Executive Summary

In order to demonstrate the principles of linear regression, in this project, I investigate two questions using the mtcars dataset:

  1. Is an automatic or manual transmission better for MPG?

  2. Quantify the MPG difference between automatic and manual transmissions.

These seemingly simple questions yield very different answers depending on how one chooses to model the given data. In this investigation, I’ll explore answers to these questions based on a number of different linear regression models.

Overall, we can conclude that a manual transmission does seem to be a better option than an automatic transmission in terms of miles per gallon, but the magnitude of this difference is tempered if we regress out the effects of a car’s weight and quarter mile time.

Exploratory Data Analysis

data("mtcars")
library(ggplot2)
library(dplyr)
library(datasets)
library(knitr)
library(GGally)
library(car)

I will start by calculating summary statistics comparing cars with automatic and manual transmissions in terms of mpg. I’ll first create a new variable to make our labels more interpretable in plots.

# create a new column
mtcars$transmission <- NA

# copy the data from the existing column into the new one
mtcars$transmission <- mtcars$am

# recode data to shorter labels, keeping factor order
mtcars$transmission <- dplyr::recode(mtcars$transmission, 
                                     `0` = 'Automatic', `1` = 'Manual')
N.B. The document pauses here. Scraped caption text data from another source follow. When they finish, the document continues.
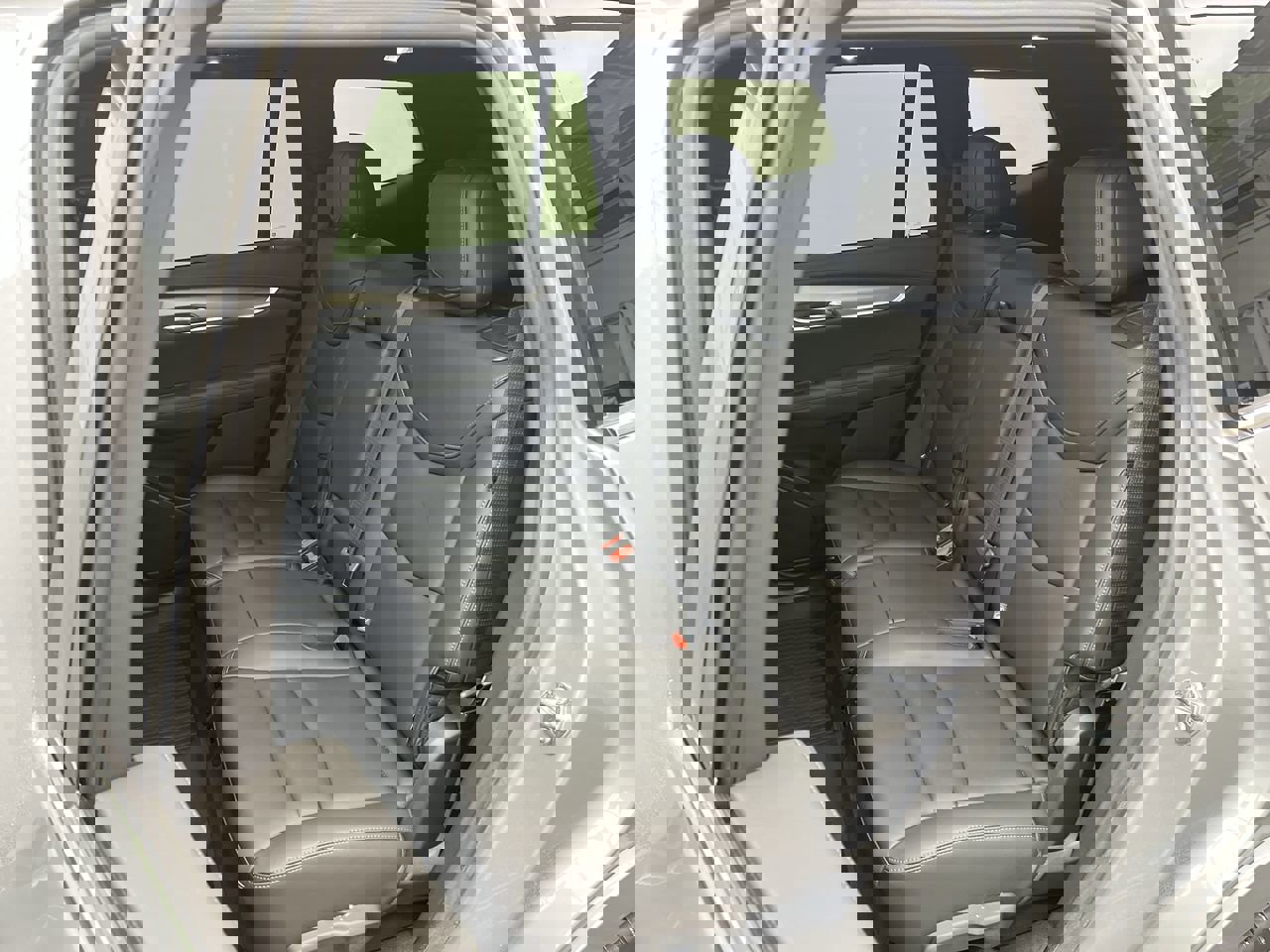 New 2025 Cadillac XT6 Luxury w/ LPO, Floor Liner Package image 11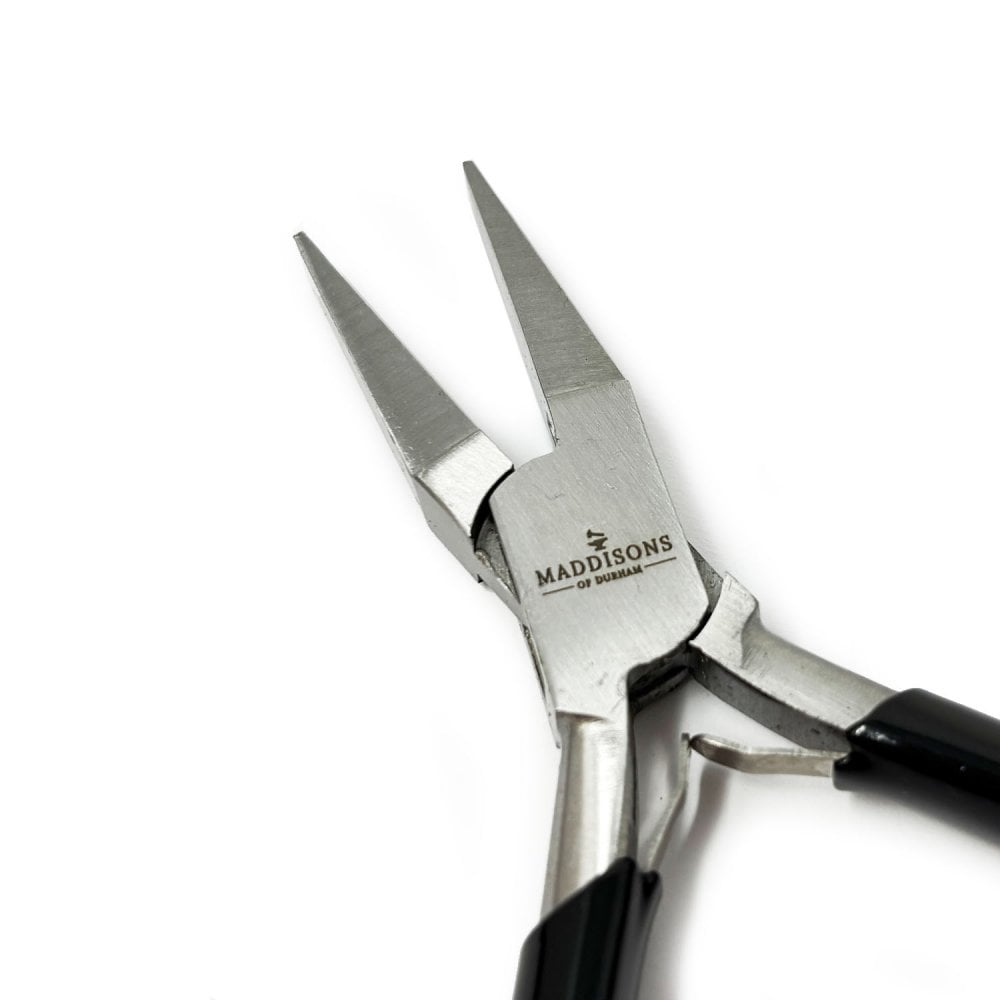 Flat Nose Pliers with Smooth Jaws, 130mm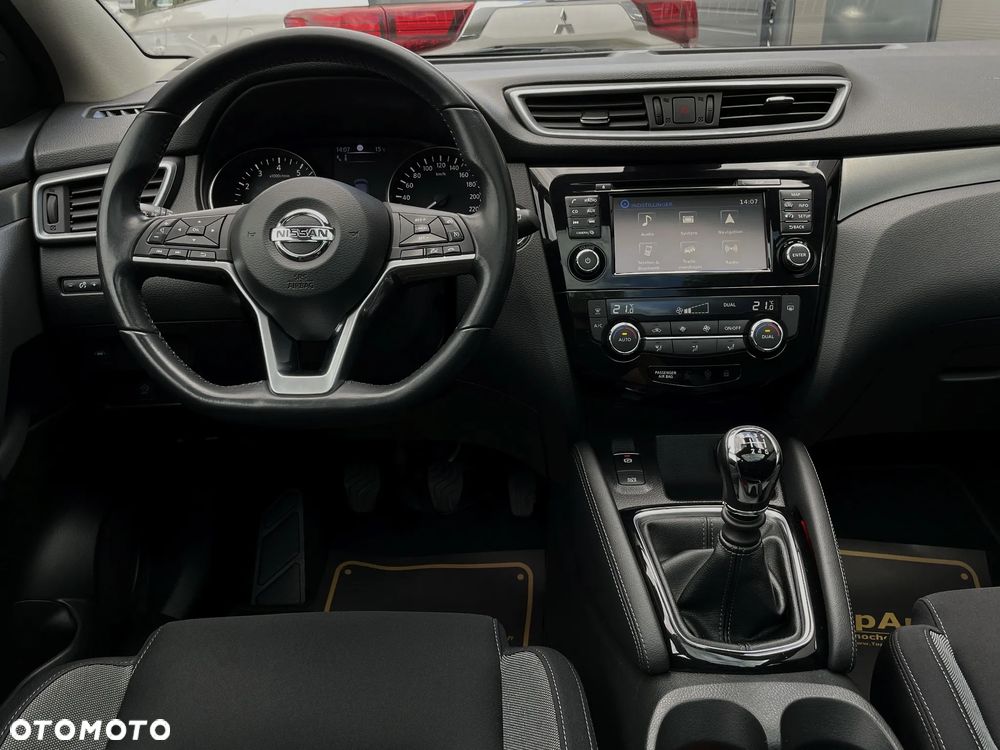 Nissan Qashqai 1.6 DIG-T Tekna - 32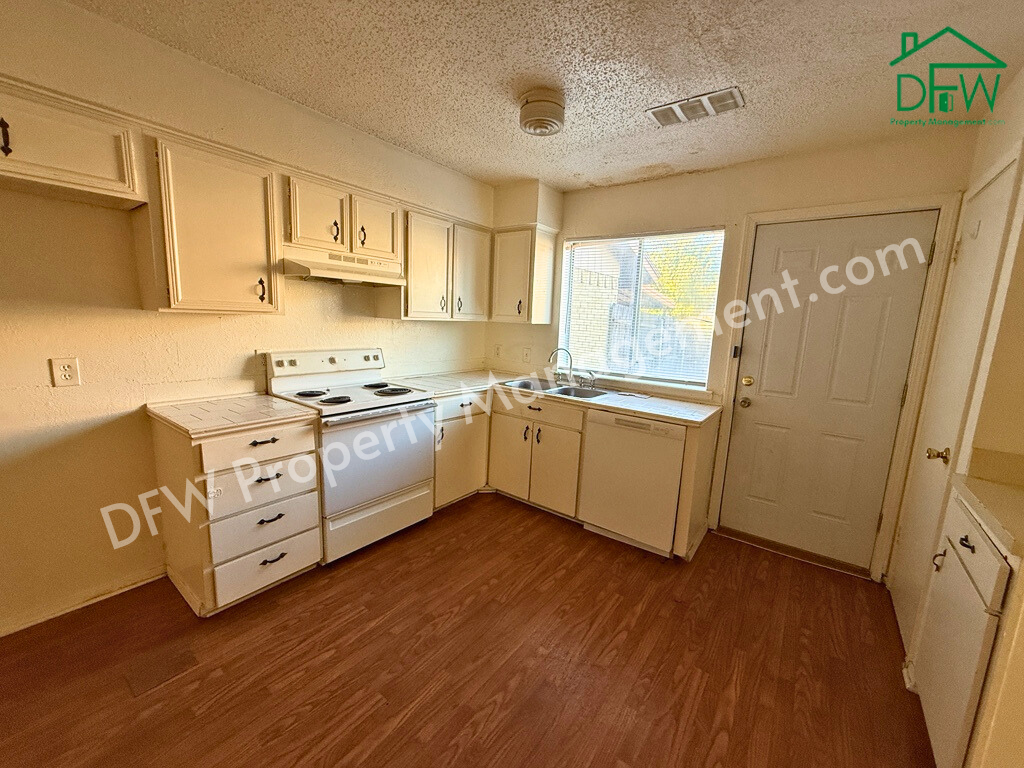 1021 Pleasant Valley Ln - Photo 7 of 30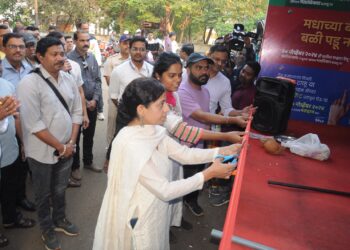 मतदार जनजागृतीसाठी फिरत्या वाहनाद्वारे प्रचाराचा शुभारंभ आणि बाईक फेरी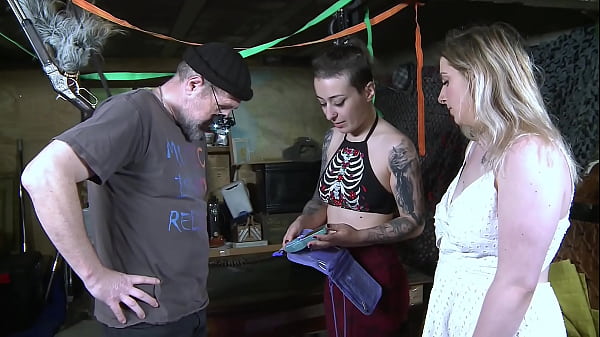 Coucou mes coquins, venez d&eacute;couvrir "Porn Store", la parodie porno de "Pawn ...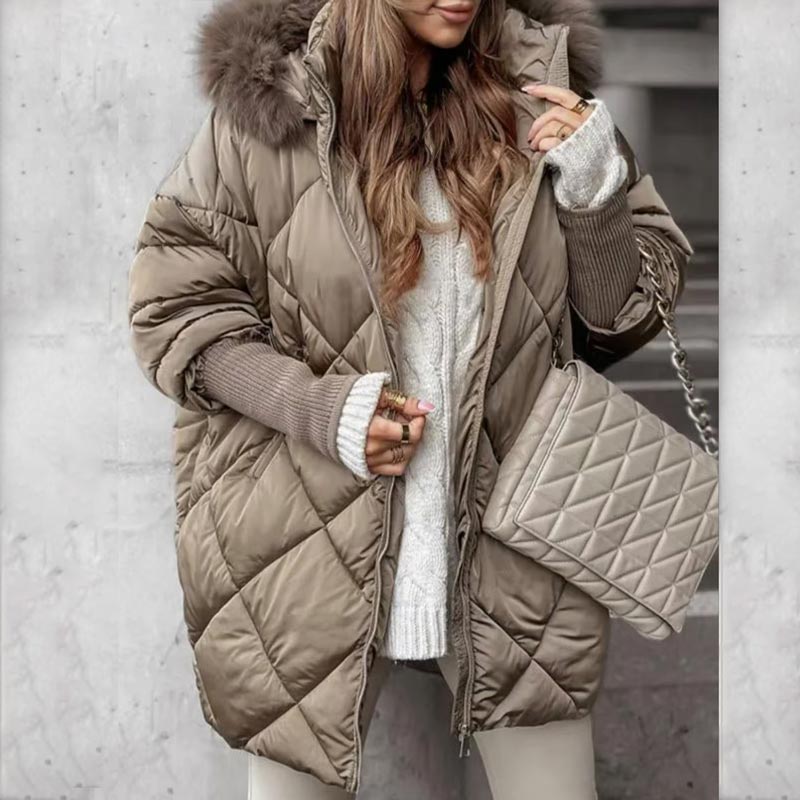 Dzianinowy, patchworkowy rękaw, moda zimowa, ciepły płaszcz średniej długości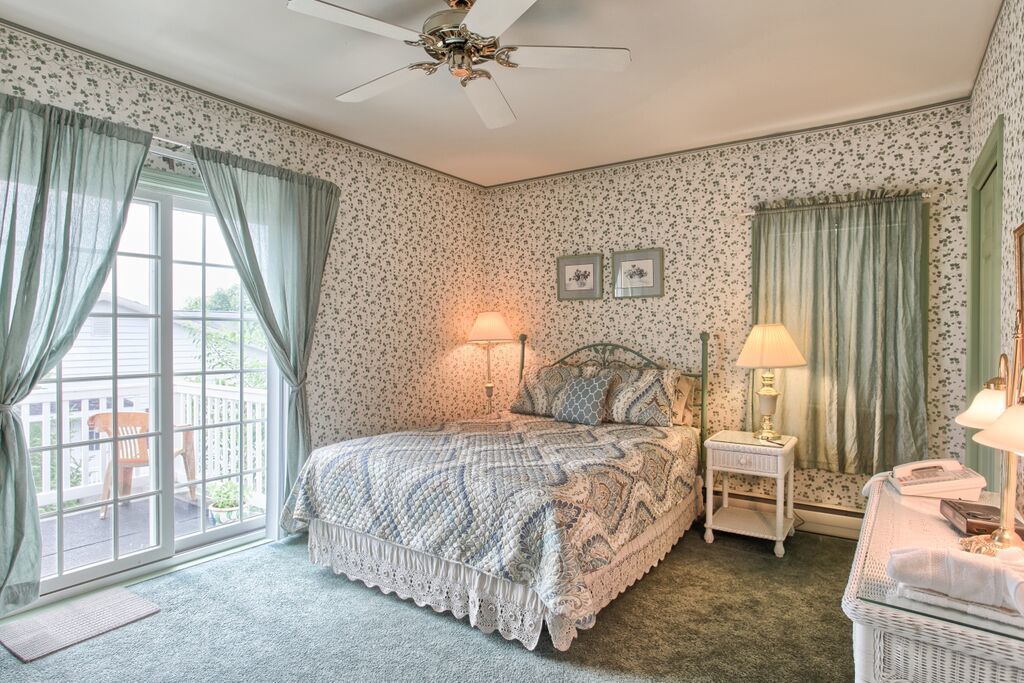 Photo of Others in Elizabethtown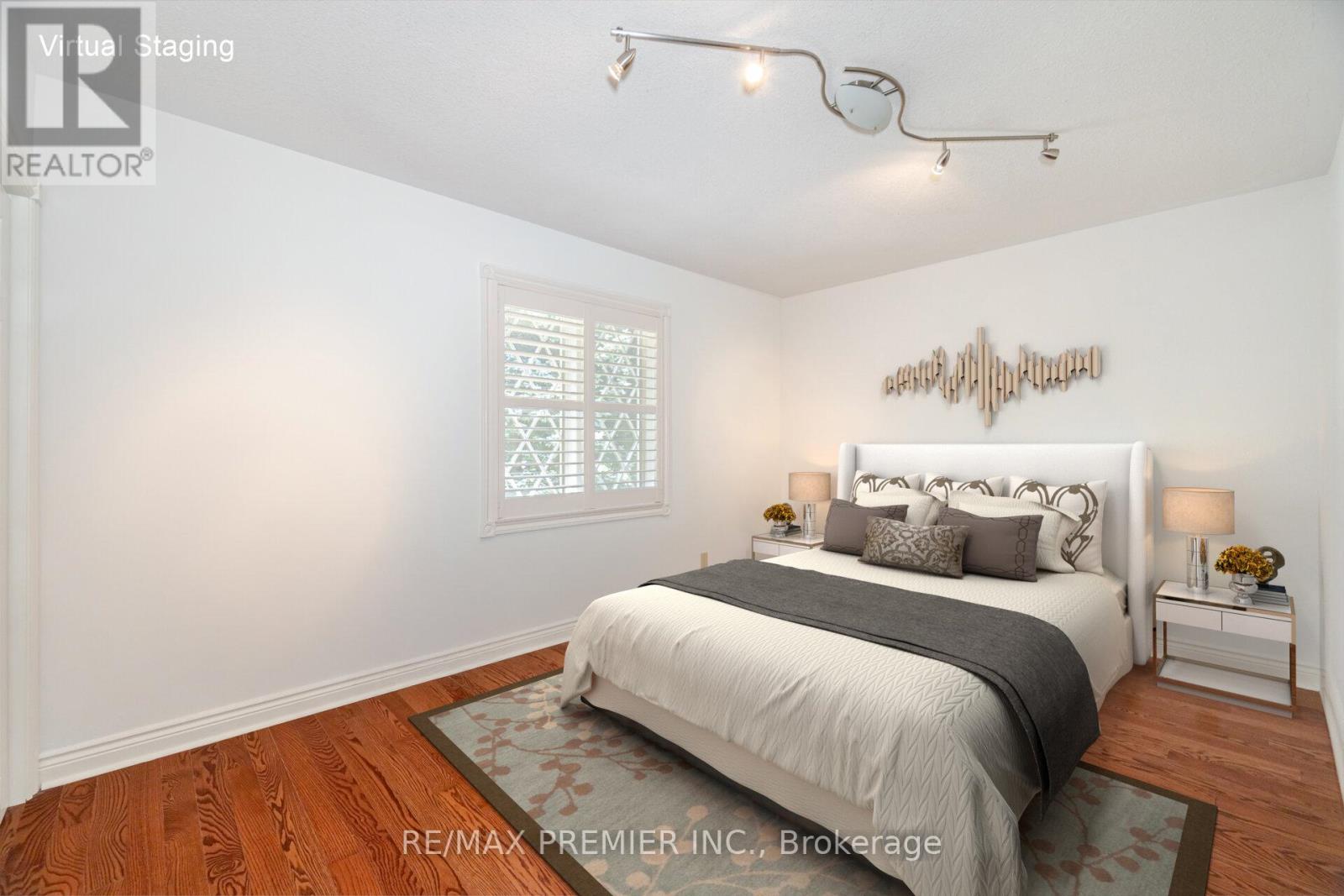 Single Family House for Sale in  INGLEVIEW DRIVE Caledon (Inglewood) 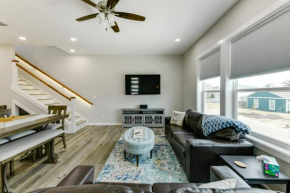 Modern Rockport Home 6 Mi to Beach!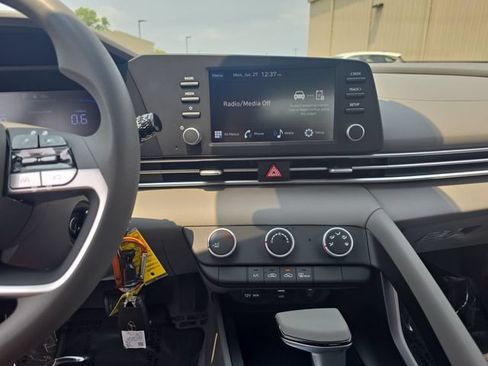 New 2026 Hyundai Elantra SE FWD image 20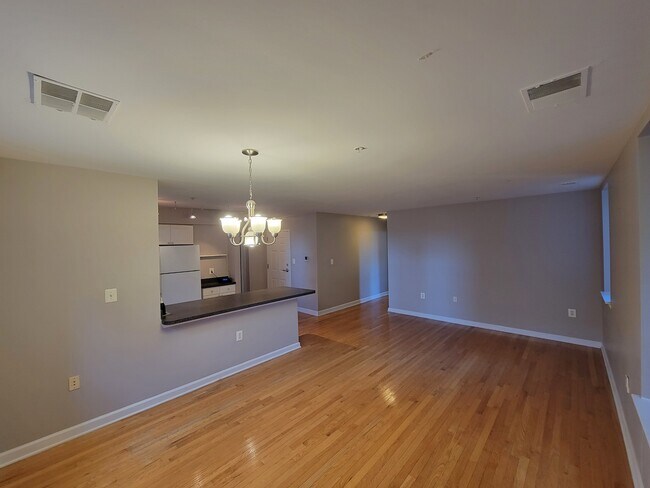 Building Photo - 1308 Clifton St NW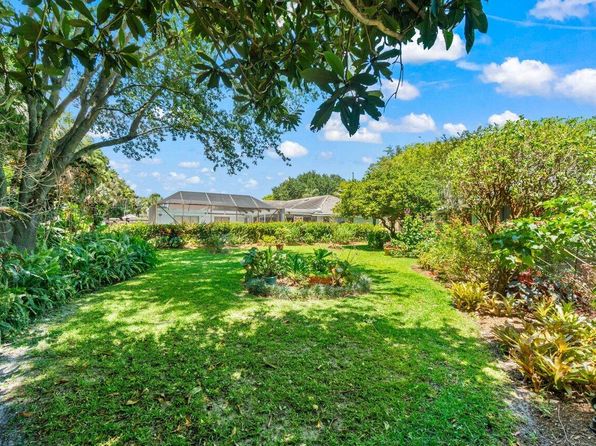 9028 Gardens Glen Circle, Palm Beach Gardens, FL 33418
# make it a factor variable
mtcars$transmission <- as.factor(mtcars$transmission)

# summary statistics table
table <- mtcars %>%
    group_by(transmission) %>%
    summarise(n = n(),
              min = min(mpg),
              q1 = quantile(mpg, 0.25),
              median = median(mpg),
              mean_mpg = mean(mpg),
              q3 = quantile(mpg, 0.75),
              max = max(mpg),
              sd_mpg = sd(mpg))
transmission n min q1 median mean_mpg q3 max sd_mpg
Automatic 19 10.4 14.95 17.3 17.147 19.2 24.4 3.834
Manual 13 15.0 21.00 22.8 24.392 30.4 33.9 6.167

Then let’s examine a boxplot overlaid with a dotplot to visualize where the data lie in terms of mpg and transmission.

# plot mpg by transmission
ggplot(mtcars, aes(y = mpg, x = transmission)) + 
    geom_boxplot() +
    geom_dotplot(binaxis = 'y', stackdir = 'center', fill = 'red') +
    labs(x = "Transmission", y = "Miles Per Gallon (MPG)",
         title = "Miles Per Gallon (MPG) by Transmission")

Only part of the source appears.